20/06/2026
I grew up in a family that has always been deeply religious. Faith wasn’t optional — it was woven into everything, especially around death, ritual, and respect for elders.
So when I couldn’t sit through a chant, couldn’t hold focus through a prayer, I didn’t just feel distracted. I questioned myself. Was something wrong with my faith? My character? Why could everyone else around me follow through, and I couldn’t?
Chanting at funerals. Prayers at temple. Even at home. Halfway through every ritual, my mind was already gone. I’d catch myself drifting, pull back in, lose it again minutes later. Not laziness. Not boredom. Something I couldn’t control.
To everyone watching, it looked like disrespect. Checking my phone. Whispering to someone nearby. Restlessness during chanting. And honestly — at times, I knew exactly how it looked. I wasn’t oblivious to it. I just couldn’t stop it.
From the outside: disinterest, maybe even disrespect. From the inside: a brain fighting to stay present, and losing.
I didn’t know it then, but this might never have been about faith at all.

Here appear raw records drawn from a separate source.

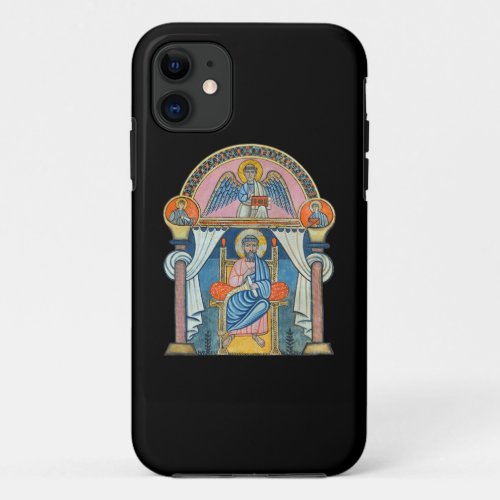 Saint Matthew Medieval Manuscript Art iPhone 11 Case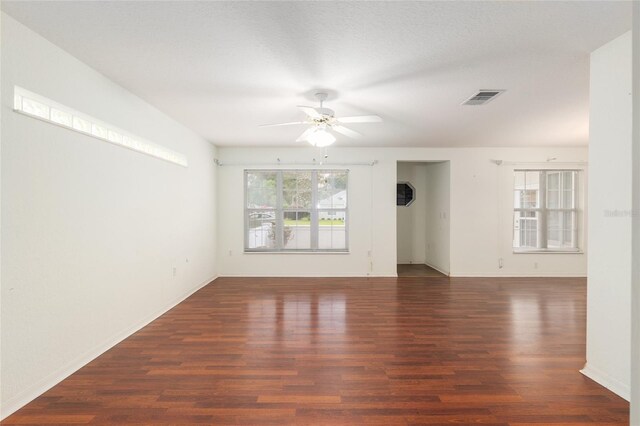 11146 SW 68th Ct, Ocala, FL 34476 - spare room featuring baseboards, ceiling fan, visible vents, and wood finished floors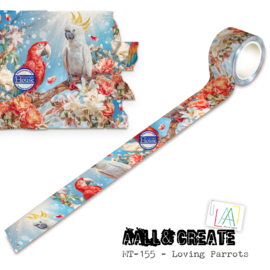 AALL & Create - Loving Parrots - AALL-MT-155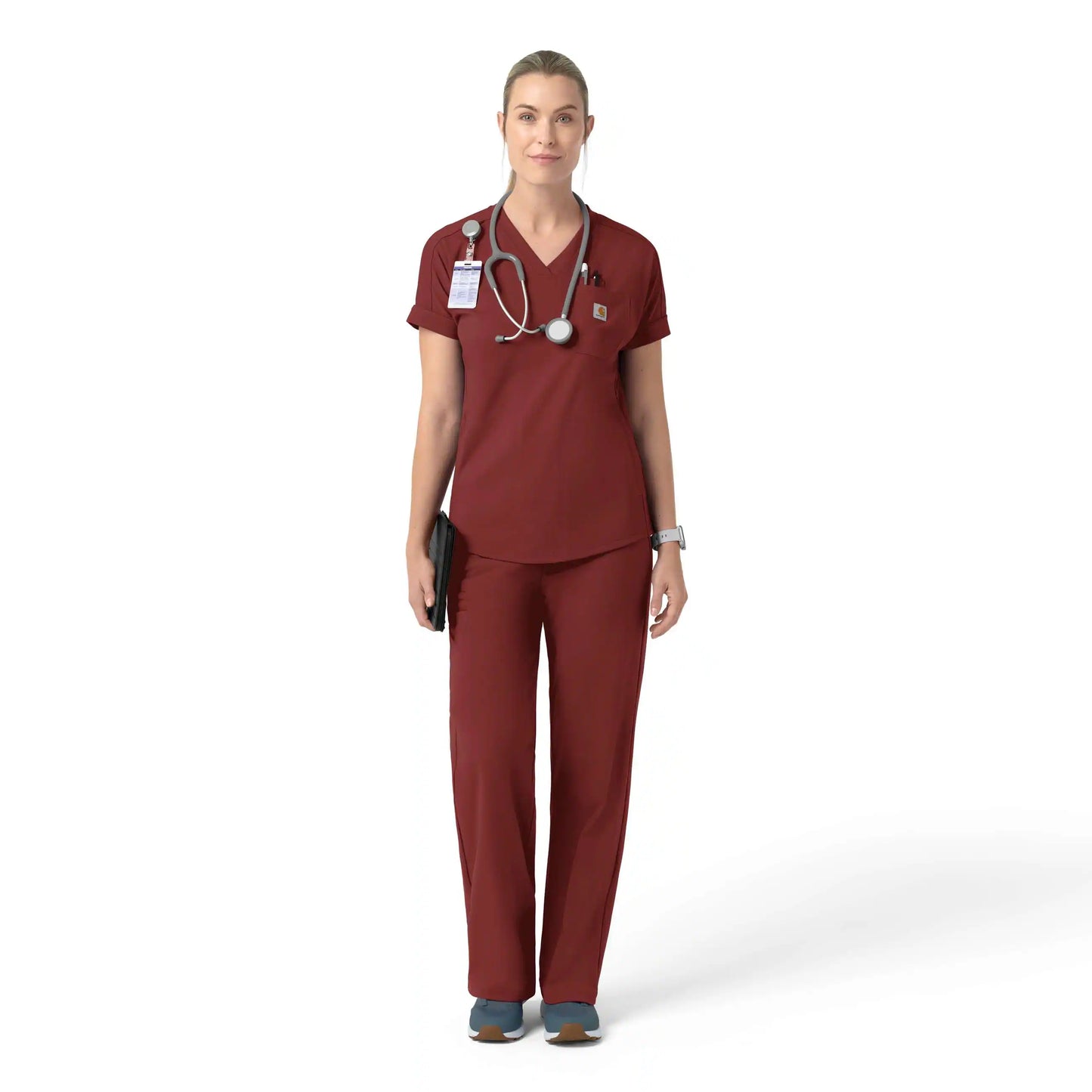 Women's Force Cross-Flex Knit V-Neck Scrub Top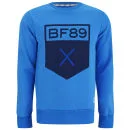 Boxfresh Men's Hadal Crew Neckline Sweat - Brilliant Blue - S - Brilliant Blue Image 1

ADHD is linked to lower engagement in structured religious practice — not lower belief. The research shows the struggle isn’t with devotion. It’s with sustaining attention through stillness, repetition, and long ritual. But here’s what’s interesting: when ADHD individuals do stay engaged with faith, it works in their favour. A 2025 study of adults with ADHD found greater religiousness linked to lower symptom severity.
I wasn’t being disrespectful. My brain just couldn’t hold the ritual the way others could. I knew what I felt inside the whole time — trying, caring, losing the thread anyway. The science just gave it a name.
I’m piecing together the science behind ADHD, one behaviour at a time.